This paper advocates a form of hybrid AI that can perform both flexible data-driven learning and rigid symbolic manipulation. Such a hybrid should be build according to good engineering principles, in a hierarchy of complexity rooted in a few primitive, modular functions (also called priors). We don’t currently know what these primitive functions should be, but cognitive science tells us that tools for reasoning about time, space and causality are good candidates. In addition, we may need a core, axiomatic knowledge database from which new facts can be derived, as per the ambition of Lenat et al’s CYC project.

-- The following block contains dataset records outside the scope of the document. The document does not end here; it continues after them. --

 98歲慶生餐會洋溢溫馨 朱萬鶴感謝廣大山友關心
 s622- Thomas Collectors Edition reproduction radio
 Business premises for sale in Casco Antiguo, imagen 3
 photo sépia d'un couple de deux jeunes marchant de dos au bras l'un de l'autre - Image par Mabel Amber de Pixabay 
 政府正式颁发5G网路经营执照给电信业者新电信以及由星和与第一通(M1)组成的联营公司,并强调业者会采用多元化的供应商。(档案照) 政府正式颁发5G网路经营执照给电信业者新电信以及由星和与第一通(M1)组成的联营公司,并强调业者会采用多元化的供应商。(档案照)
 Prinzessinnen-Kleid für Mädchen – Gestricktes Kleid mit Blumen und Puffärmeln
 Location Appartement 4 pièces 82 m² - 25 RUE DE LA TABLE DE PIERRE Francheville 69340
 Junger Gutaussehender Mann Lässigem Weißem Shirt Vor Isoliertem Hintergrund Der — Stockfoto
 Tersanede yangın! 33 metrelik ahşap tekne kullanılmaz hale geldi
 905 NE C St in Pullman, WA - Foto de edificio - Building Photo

Learning from data will certainly remain an important element, but it will be informed and guided by these innate structures. Achieving this goal will require a lot of tough human labour; far more than today’s hardcore deep learning enthusiasts are likely to be comfortable with.

### Volodin, Sergei, Nevan Wichers, and Jeremy Nixon. “Resolving Spurious Correlations in Causal Models of Environments via Interventions.” ArXiv:2002.05217 [Cs, Stat], February 12, 2020.

Given an environment $\mu$ in which an agent has access to observations, and a mapping from the history of (observation, action, reward) tuples to a vector of high-level features $f\in\mathbb{R}^d$, the goal of this work is to learn a linear structural causal model over these high-level features. This model consists of a directed graph $G$ with $d$ nodes, one for each feature, and labels on each edge describing the interaction coefficient, and the number of timesteps it takes for the parent node to influence the child.

Many algorithms exist for learning causal models from data (here the simple Granger 1-step causality method is used) but what policy $\pi$ should we execute to discover the true model efficiently? In the case where an admissible model perfectly fits the history data, a random policy is sufficient. Otherwise, targeted interventions are required to resolve spurious correlations.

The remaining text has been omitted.